Diskretion den eigenen Pathologien gegenüber

Ein gutes Beispiel aus der Literatur ist Annie Ernaux, die in ihrer autofiktiven Erzählung „Die Jahre“ eine scharfsinnige, wortgewandte Beobachtung ihrer Generation sowie der Befreiung der 68er anstellt. Durch die Fülle der Details und Aufzählung der Ereignisse lässt sie den Leser selbst beobachten, wie alte gesellschaftliche Imperative von neuen ersetzt werden. Der Fotograf Wolfgang Tilmanns arbeitet zwar auch mit hartem Realismus und Dokumentarismus, aber er schafft es, sein Ego herauszuhalten.
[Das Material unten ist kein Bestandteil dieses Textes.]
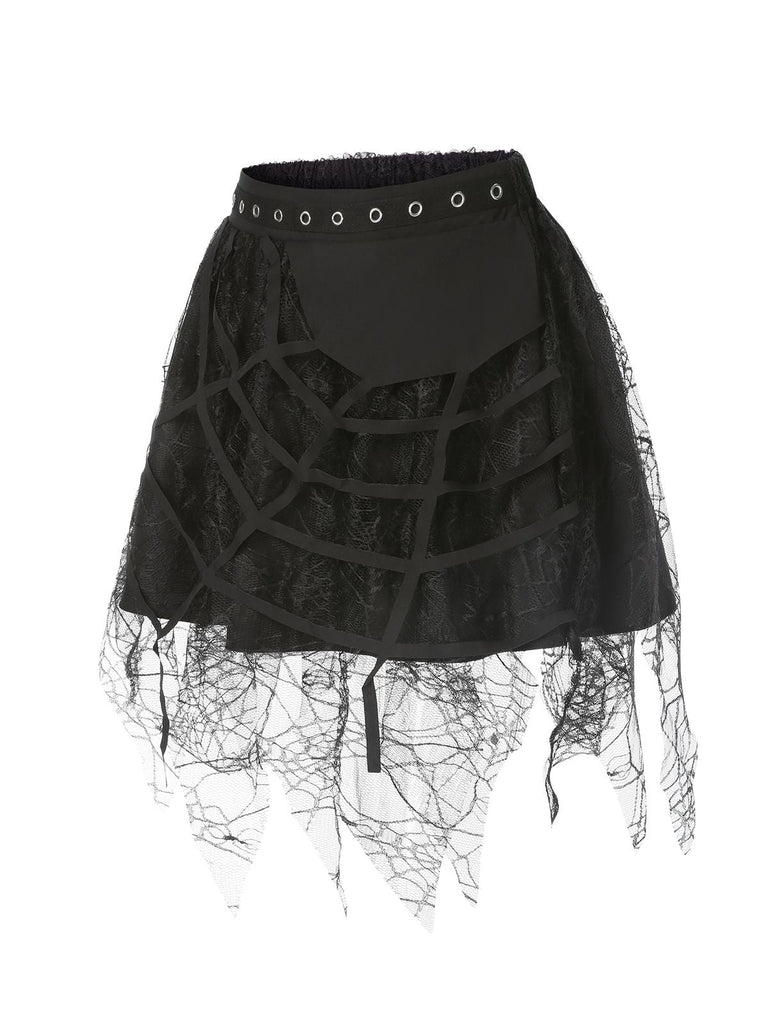 Gonna in pizzo con ragnatela Halloween nero anni '60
Oder Anne Imhof: Sie zeigt in ihren Performances eine verlorene, lethargische Generation zwischen Rausch und Smartphone, führt subtil und erdrückend Machtstrukturen vor und macht sie erlebbar. Verwirrt, erdrückt, erstaunt bleibt man als Zuschauerin zurück und kann danach vielleicht nicht in Worte fassen, was diese Generation quält und antreibt, aber hat es für einen kurzen Moment gespürt.
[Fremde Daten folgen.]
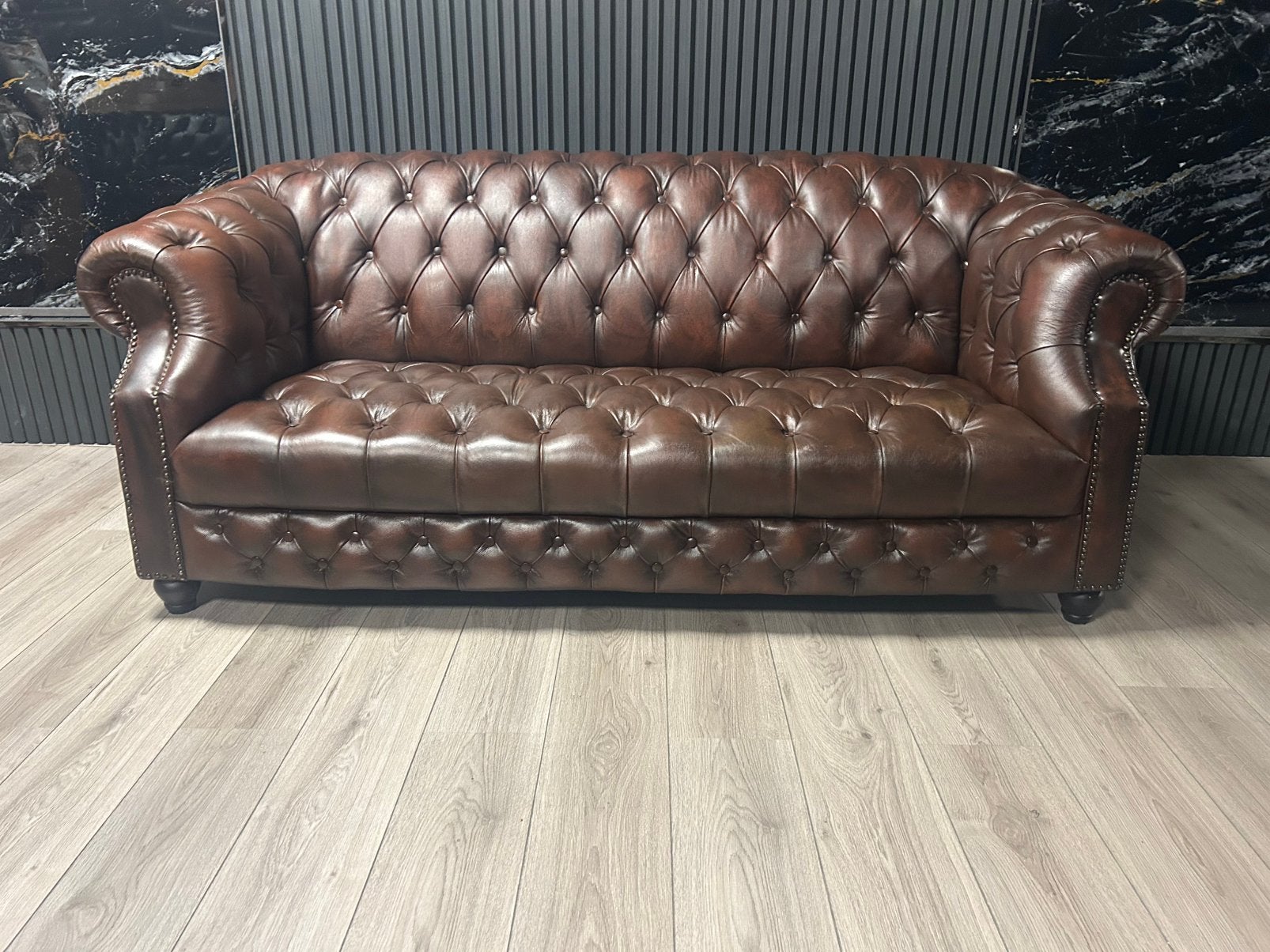 Chesterfield Lederen 3 Zits !! ( The Brand ), Ophalen of Verzenden, Zo goed als nieuw, 75 tot 100 cm, 150 tot 200 cm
Als Beispiel aus der Theaterwelt wäre unbedingt René Pollesch zu nennen. Der zukünftige Intendant der Berliner Volksbühne brilliert aktuell mit einer Inszenierung am Deutschen Theater. Im Stück „Life on Earth can be sweet Donna“ plädiert Pollesch mit Humor für das epische Theater und seine Diskretion den eigenen Pathologien gegenüber. Das trifft es auf den Punkt: Ein bisschen Diskretion, bitte.

Mehr Qualität und weniger Shitstorm

Nicht, weil die Kunst wieder zahm werden soll. Nicht, weil gewisse Dinge verschwiegen werden sollten oder sich auf der Bühne, in den sozialen Medien oder der Literatur nicht schicken. Nicht, weil wir zu den angepassten, glatten, nichtssagenden Gesichtern von prominenten Schauspielern oder Frauenrollen zurückwollen. Es geht um Diskretion im ursprünglichen Sinn: als eine Kunst und Gabe der weisen Unterscheidung, die das Zuviel und das Zuwenig meidet und das richtige Maß sucht.

Es bedeutet Mut zur überlegten Distanz. Es geht um eine Beobachtung und Darstellung, die es erlaubt, sich von dem eigenen Ego genauso wie von überspitzten politischen Anspielungen fernzuhalten. Die Dinge kühl von außen zu beschreiben, anstatt sich emphatisch von ihnen verleiten zu lassen.

Etwas Diskretion würde mehr Qualität und weniger Shitstorm bedeuten. Berlin müsste dann nicht nur die Stadt der postmodernen Instagram-Narzissten sein, sondern könnte die Oszillation zwischen Ordnung und Chaos wieder für eine mutige, heterogene, offene und experimentierlustige Szene nutzen, die sich nicht in leeren Schablonen erschöpft. Das wäre ein Gewinn für alle.